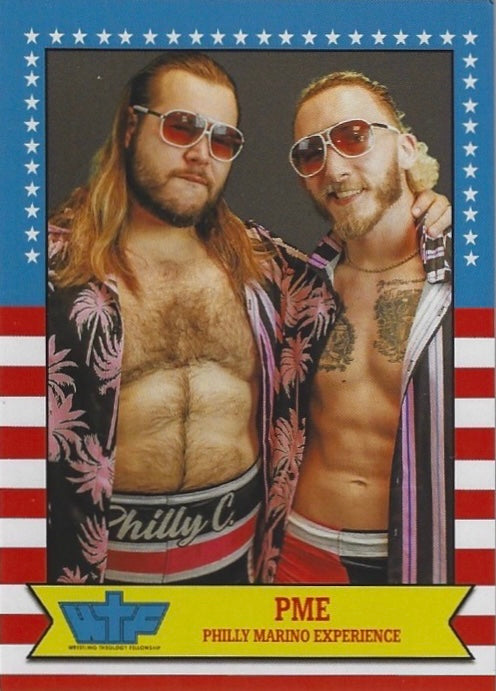 PME Philly & Marino Experience trading card PW Catalog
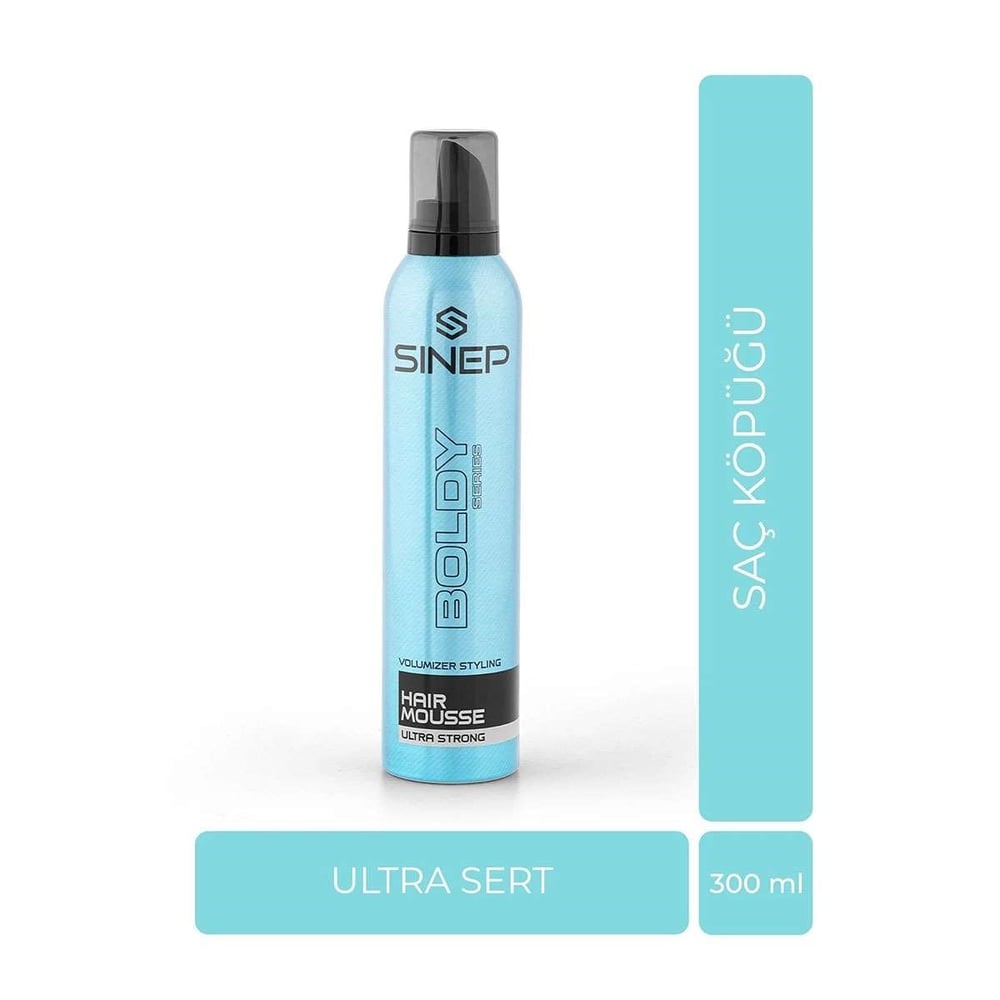 Sinep Saç Köpüğü Ultra Strong 300 ml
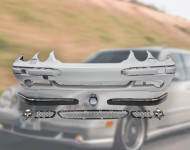 BODY KIT AMG MERCEDES E W210 1995-1999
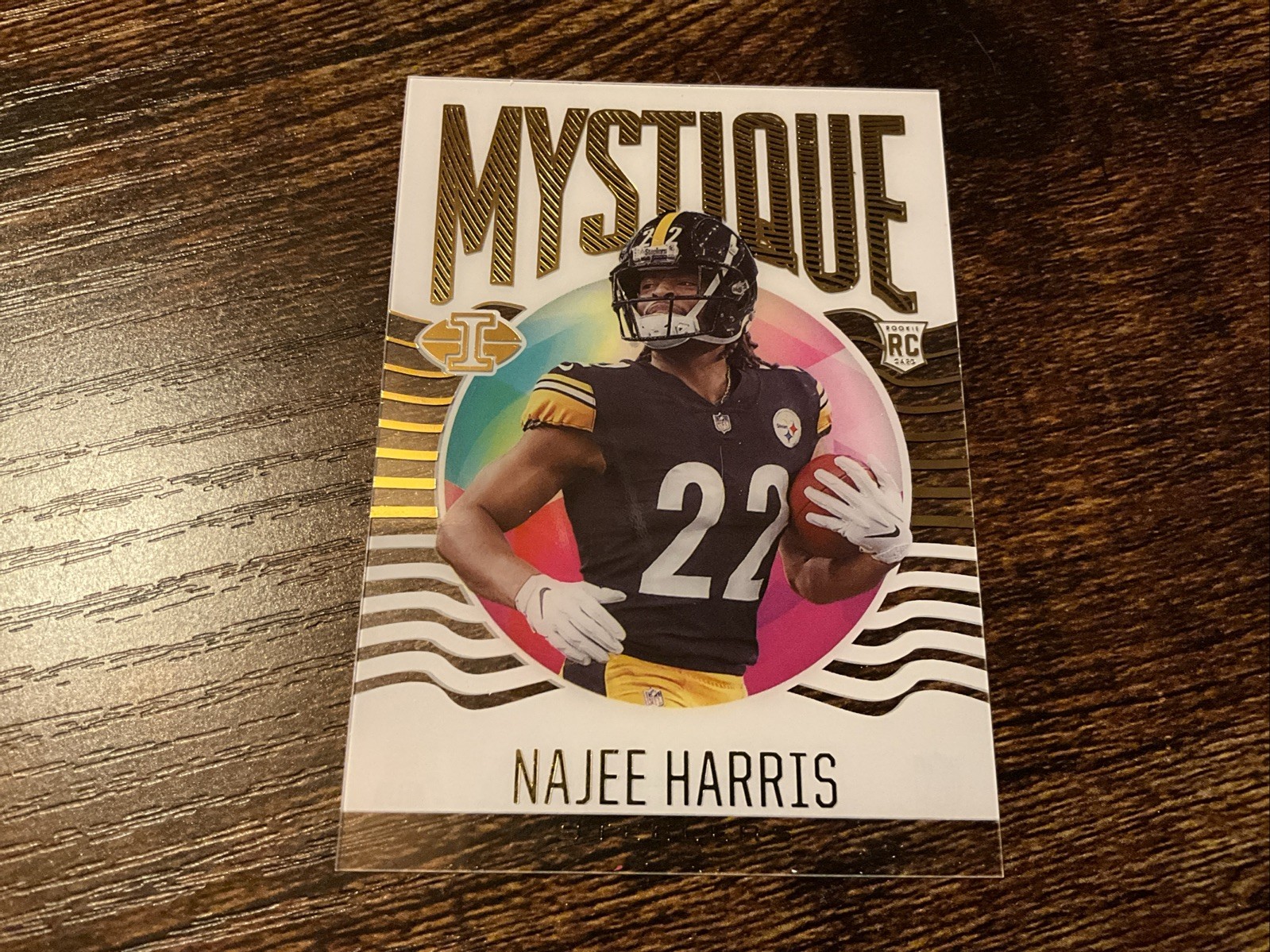 Najee Harris Panini Illusions Mystique #MY13 Base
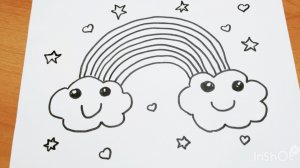 Облака. Рисуем Вместе.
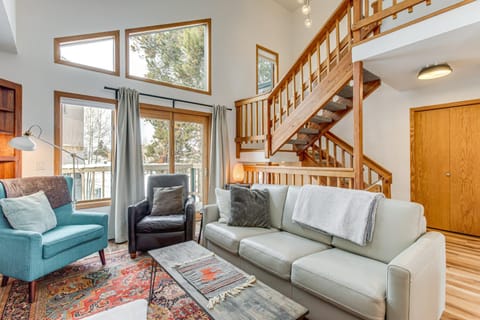 Fraser Townhome Ski, Hike, Bike! House in Fraser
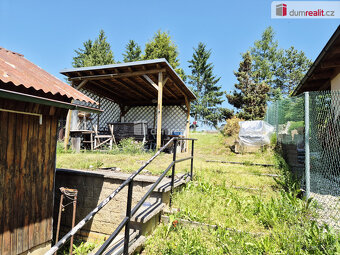 Prodej, zahrada, chata, Kaplice - 9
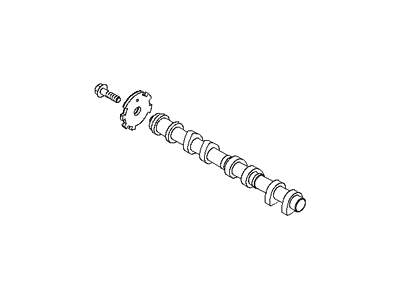 2006 Hyundai Sonata Camshaft - 24100-3C105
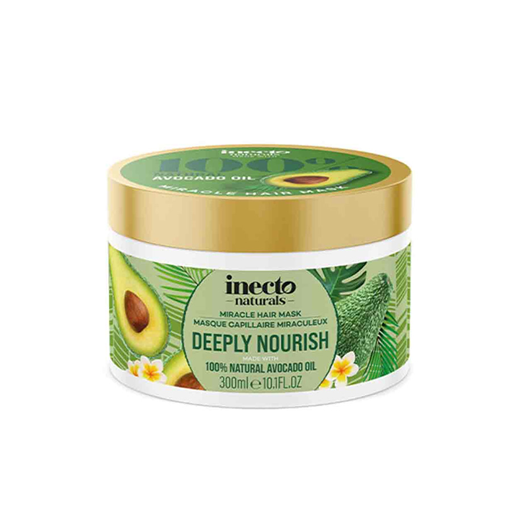 ماسك الافوكادو المغذي للشعر Miracle Hair Mask Deeply Nourishing With Avocado Oil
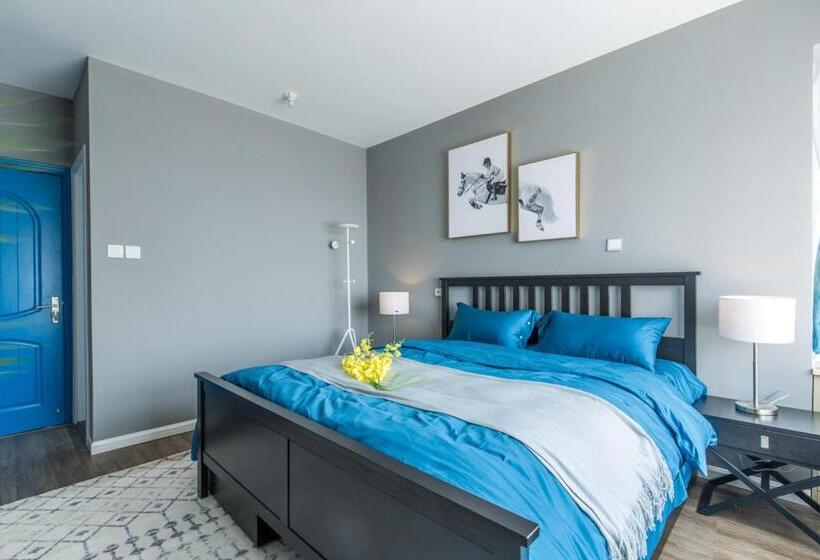 １ベッドルームアパートメント, Jinan Huaiyin·jinan West Railway Station·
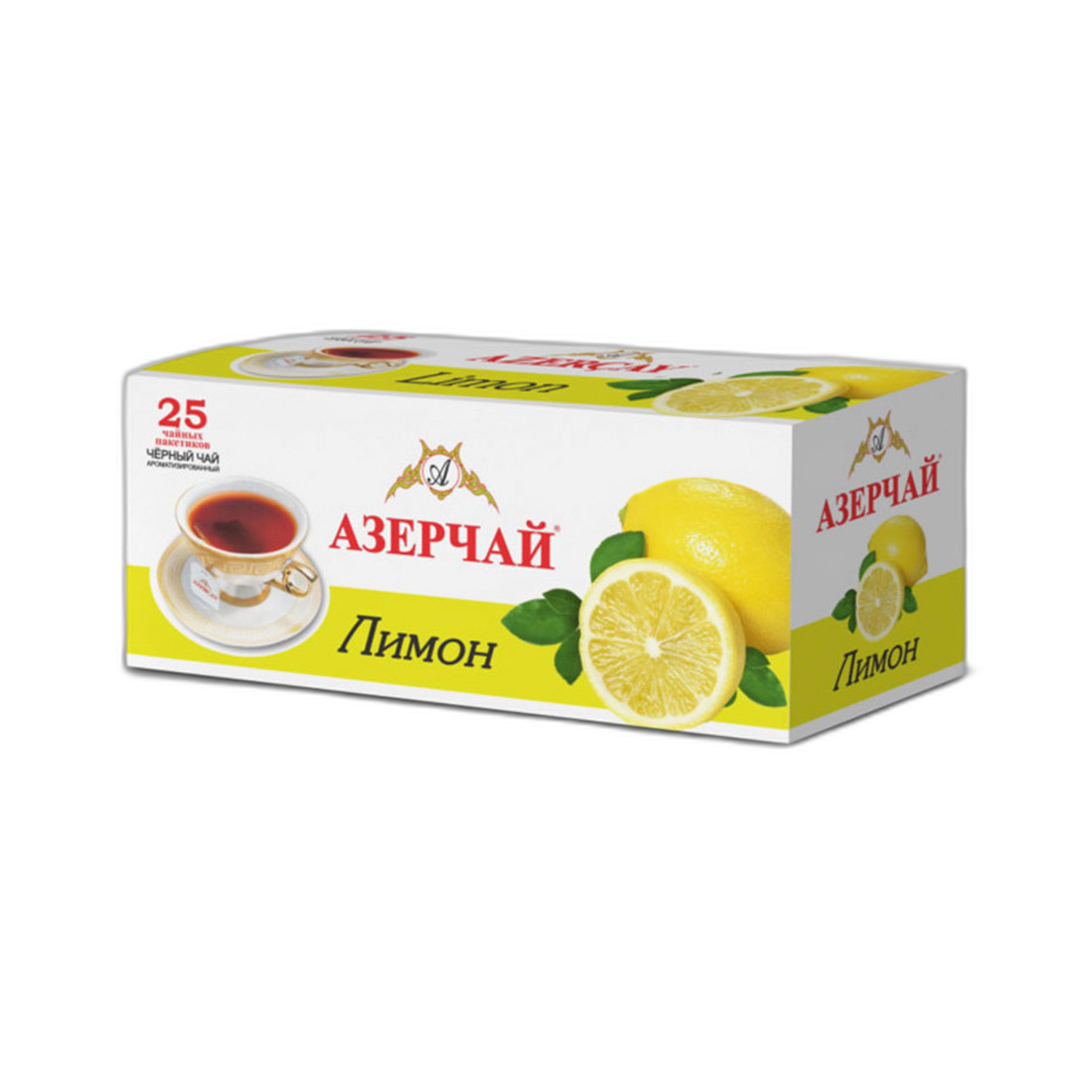 ჩაი/აზერჩაი ლიმონი კონვ./25ც 4760062102574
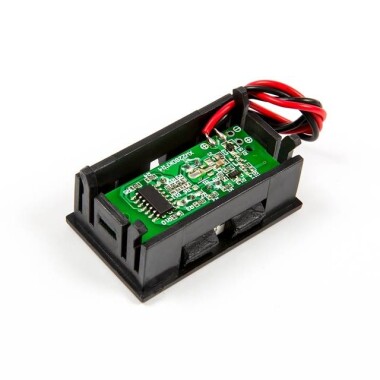 6V Two Wire Digital Display Electric Quantity Meter Battery Level Indicator - 4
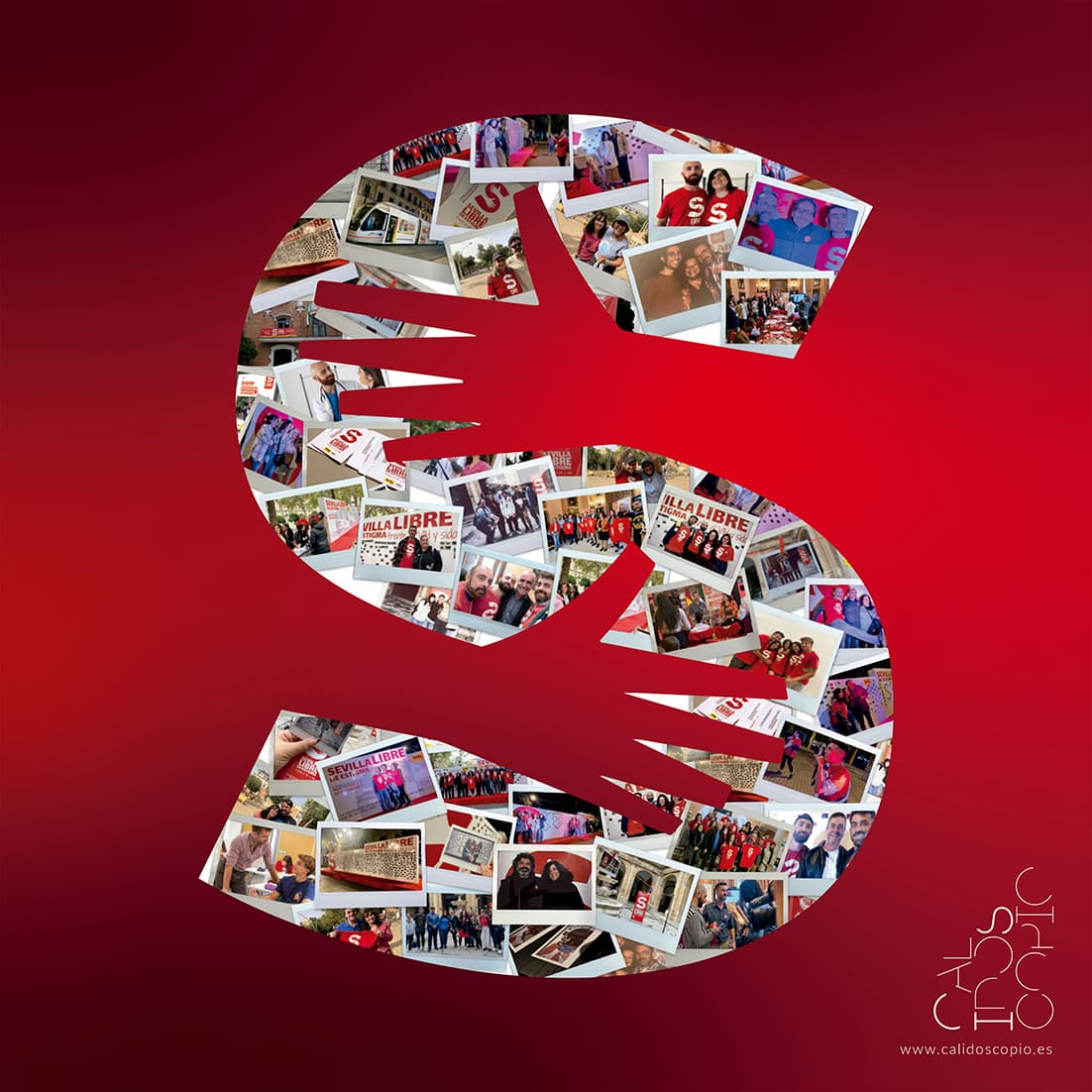 felices fiestas y 2023 calidoscopio copia 2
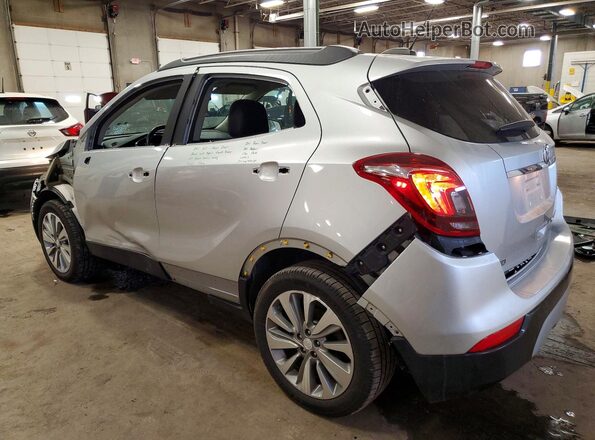 KL4CJASB9KB772898 2019 BUICK ENCORE Silver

◆ **Assigned task**: Every line from the one containing "felices fiestas y 2023 calidoscopio copia 2" through the last line of the listing must be written out again exactly, and no other line. Leave the pictures aside.

◆ **Written response**:
 felices fiestas y 2023 calidoscopio copia 2
 KL4CJASB9KB772898 2019 BUICK ENCORE Silver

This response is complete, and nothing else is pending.